Research Interests

I am interested in theoretical and computational methods in geometry and their applications to problems in computer graphics and digital geometry processing.

My research focuses on better understanding and representing shape, and developing novel methods for preserving shape under large deformations.

In particular, I have published papers on the following applications: interactive shape and image deformation, bounded distortion mappings, surface and volume parameterization, generalized barycentric coordinates, shape interpolation and animation, and computation of geodesics on manifolds. Three of my papers received the best paper award from the Eurographics Association, as did my Ph.D. thesis. 17 of my papers have been published in ACM Transactions on Graphics, the foremost peer-reviewed journal in computer graphics.

My research draws heavily on various mathematical fields such as differential geometry, topology, complex and harmonic analysis, conformal geometry, and linear algebra. I adapt mathematical concepts from the smooth to the discrete case, where computational methods can be applied to solve real-world problems.

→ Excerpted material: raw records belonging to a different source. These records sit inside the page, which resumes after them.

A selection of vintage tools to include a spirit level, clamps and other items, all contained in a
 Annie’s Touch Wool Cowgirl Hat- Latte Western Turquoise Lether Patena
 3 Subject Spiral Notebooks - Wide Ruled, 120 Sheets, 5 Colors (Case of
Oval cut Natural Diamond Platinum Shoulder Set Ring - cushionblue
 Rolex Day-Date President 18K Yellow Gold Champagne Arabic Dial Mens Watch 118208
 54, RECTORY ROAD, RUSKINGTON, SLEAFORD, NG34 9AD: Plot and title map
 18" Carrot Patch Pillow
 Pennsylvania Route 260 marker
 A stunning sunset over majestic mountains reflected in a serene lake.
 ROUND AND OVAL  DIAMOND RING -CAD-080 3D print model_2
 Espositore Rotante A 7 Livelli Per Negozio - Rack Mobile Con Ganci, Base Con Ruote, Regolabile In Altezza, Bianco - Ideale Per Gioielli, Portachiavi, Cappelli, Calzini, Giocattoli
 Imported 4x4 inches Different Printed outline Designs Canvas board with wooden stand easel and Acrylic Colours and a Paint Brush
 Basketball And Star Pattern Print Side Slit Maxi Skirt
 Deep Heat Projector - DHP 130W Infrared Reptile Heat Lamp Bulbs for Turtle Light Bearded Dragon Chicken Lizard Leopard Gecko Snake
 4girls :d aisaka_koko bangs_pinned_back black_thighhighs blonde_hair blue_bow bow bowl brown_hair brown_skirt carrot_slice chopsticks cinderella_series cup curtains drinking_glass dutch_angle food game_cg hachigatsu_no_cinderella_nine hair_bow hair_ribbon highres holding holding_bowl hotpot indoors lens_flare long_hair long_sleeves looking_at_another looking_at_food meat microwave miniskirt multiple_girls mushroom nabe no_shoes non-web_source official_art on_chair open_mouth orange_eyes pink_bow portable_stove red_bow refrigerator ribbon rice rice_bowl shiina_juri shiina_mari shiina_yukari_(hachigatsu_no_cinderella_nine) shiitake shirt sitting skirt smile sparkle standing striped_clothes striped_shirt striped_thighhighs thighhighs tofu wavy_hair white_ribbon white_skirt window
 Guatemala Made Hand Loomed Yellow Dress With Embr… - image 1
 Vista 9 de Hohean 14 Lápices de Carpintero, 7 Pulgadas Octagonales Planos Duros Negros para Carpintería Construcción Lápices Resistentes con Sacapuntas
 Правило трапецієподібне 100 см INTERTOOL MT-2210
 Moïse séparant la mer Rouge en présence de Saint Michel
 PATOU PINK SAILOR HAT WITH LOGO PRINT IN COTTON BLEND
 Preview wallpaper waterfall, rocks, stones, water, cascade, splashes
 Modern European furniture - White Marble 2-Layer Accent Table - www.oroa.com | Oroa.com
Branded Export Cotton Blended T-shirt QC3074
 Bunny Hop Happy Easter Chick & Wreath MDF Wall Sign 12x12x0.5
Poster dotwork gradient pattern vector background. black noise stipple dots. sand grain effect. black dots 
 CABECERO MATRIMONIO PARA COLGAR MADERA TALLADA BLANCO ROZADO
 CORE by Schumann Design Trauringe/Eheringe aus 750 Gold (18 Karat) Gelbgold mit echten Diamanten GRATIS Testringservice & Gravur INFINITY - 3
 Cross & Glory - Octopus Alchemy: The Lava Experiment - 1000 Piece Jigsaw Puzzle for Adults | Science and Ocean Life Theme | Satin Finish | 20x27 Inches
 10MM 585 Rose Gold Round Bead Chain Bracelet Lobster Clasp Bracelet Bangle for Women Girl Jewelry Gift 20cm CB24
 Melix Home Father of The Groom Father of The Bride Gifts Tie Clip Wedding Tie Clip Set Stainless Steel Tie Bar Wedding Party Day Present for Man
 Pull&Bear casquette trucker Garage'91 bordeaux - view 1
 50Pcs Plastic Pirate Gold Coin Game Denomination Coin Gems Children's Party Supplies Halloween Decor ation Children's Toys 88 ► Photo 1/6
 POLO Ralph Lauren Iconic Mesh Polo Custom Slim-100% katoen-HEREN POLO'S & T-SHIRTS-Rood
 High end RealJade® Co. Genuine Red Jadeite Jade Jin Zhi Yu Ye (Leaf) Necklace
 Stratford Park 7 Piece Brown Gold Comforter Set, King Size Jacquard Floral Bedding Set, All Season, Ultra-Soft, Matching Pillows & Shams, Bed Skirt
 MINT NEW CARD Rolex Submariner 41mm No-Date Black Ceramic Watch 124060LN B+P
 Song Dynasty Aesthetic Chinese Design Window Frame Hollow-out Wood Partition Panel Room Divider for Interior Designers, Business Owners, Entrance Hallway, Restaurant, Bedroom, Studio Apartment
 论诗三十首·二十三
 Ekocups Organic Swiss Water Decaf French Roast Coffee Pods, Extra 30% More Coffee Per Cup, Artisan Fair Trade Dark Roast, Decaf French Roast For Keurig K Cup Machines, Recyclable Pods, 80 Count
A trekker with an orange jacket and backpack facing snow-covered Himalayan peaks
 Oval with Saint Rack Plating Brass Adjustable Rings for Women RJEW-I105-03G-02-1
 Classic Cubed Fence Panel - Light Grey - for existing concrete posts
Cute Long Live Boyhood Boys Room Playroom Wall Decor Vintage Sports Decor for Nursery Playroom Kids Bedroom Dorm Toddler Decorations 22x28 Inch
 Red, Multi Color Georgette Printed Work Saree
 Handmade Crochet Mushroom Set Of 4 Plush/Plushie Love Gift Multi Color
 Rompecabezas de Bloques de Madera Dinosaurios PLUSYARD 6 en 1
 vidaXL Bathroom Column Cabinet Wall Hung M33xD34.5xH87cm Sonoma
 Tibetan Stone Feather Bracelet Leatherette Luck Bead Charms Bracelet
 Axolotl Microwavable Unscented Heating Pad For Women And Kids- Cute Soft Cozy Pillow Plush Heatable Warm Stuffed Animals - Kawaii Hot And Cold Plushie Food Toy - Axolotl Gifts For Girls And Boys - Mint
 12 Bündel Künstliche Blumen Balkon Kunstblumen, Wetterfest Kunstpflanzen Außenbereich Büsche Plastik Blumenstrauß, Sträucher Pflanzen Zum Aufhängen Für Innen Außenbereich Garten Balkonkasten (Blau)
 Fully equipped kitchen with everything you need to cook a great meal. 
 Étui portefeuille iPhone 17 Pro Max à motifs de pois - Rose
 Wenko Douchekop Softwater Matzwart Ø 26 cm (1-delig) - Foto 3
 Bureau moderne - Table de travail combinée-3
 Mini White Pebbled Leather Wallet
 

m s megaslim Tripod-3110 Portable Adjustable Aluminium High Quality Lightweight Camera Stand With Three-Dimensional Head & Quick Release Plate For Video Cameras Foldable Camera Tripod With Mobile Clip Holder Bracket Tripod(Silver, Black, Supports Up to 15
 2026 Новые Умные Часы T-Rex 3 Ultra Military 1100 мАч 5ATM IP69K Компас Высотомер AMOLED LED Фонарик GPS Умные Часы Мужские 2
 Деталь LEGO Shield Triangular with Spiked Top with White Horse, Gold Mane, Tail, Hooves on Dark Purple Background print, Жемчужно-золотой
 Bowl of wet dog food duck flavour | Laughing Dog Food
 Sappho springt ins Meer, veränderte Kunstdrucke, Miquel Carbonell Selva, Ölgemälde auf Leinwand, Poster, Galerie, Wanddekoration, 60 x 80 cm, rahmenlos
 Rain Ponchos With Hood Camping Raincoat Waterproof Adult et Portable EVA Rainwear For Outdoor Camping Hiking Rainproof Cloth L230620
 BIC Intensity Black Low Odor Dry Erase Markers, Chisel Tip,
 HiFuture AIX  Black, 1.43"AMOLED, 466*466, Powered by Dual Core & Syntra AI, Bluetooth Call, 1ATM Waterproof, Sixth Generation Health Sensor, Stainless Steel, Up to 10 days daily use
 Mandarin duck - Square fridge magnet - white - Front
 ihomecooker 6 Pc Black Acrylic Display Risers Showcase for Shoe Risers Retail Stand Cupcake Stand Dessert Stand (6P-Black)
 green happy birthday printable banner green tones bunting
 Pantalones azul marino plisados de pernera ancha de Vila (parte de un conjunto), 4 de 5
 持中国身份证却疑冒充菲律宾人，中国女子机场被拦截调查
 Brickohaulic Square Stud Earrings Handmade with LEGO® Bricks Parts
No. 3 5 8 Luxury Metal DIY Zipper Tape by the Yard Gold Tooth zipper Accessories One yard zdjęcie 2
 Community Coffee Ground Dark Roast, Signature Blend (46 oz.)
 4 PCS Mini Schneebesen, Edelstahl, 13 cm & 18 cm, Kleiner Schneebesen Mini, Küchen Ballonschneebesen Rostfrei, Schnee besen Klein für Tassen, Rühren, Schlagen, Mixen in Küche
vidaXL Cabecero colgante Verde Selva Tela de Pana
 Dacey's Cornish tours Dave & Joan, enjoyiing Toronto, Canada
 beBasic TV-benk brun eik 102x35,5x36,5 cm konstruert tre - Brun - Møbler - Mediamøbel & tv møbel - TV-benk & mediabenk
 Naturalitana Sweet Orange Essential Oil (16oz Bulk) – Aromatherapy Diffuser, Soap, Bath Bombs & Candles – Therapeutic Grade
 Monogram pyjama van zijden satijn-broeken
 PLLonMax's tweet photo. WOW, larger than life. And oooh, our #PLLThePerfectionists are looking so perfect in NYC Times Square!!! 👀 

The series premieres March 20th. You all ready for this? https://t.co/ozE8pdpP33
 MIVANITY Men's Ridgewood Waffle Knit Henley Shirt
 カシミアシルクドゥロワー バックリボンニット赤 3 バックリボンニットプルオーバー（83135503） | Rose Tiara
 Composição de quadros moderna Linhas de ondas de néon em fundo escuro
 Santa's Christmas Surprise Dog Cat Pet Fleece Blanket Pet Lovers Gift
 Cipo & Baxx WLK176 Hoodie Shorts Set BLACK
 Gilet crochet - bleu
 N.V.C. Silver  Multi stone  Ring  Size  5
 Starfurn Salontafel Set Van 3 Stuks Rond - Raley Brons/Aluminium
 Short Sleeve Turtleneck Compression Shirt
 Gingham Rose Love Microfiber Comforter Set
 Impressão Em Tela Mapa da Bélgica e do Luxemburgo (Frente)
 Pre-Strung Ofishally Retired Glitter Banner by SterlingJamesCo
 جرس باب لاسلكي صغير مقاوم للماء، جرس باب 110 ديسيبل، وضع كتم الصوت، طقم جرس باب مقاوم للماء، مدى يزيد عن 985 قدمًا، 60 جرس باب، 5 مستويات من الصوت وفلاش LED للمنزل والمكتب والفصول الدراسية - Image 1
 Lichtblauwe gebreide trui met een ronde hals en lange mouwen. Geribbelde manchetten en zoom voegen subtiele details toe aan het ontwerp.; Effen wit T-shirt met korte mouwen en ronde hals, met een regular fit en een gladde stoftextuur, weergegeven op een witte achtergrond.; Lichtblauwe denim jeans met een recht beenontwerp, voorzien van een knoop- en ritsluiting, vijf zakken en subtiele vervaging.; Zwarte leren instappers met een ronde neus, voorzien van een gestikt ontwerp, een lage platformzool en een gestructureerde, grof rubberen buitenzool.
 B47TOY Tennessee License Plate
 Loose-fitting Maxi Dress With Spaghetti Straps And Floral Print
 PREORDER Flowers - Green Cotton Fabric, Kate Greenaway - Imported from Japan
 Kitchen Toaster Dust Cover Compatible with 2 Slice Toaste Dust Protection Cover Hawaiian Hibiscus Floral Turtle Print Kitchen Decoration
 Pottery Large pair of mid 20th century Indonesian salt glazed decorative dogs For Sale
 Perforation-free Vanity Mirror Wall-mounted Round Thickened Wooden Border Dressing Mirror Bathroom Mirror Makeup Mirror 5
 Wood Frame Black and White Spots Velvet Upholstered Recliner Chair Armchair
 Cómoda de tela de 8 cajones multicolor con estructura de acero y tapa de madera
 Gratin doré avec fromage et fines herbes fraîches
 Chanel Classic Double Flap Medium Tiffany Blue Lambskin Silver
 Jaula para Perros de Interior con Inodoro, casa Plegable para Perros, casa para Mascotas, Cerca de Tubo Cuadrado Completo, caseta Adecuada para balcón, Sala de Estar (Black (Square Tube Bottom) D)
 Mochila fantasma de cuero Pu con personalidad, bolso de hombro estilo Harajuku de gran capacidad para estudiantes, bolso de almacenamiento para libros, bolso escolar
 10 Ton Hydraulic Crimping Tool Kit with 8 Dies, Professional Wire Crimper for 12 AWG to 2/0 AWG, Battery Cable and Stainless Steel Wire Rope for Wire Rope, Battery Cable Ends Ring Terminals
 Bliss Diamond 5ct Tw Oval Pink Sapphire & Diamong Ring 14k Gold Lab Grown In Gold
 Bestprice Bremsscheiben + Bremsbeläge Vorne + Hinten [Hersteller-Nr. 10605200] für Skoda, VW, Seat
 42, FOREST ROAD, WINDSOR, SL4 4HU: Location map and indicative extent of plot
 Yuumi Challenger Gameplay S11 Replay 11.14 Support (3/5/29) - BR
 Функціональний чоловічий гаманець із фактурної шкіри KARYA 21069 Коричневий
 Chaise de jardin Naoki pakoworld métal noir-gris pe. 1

A major challenge is to design efficient and accurate numerical methods to solve the underlying optimization problems, which are often nonconvex. My recent research efforts have been to reduce such hard problems to convex or near-convex problems by applying a sophisticated change of variables or by decomposing the problem into smaller problems that are easier to solve.

In addition, I am enthusiastic about highly efficient general-purpose computations on parallel architectures, where many of my works use modern graphics processing units (GPU) to accelerate computations.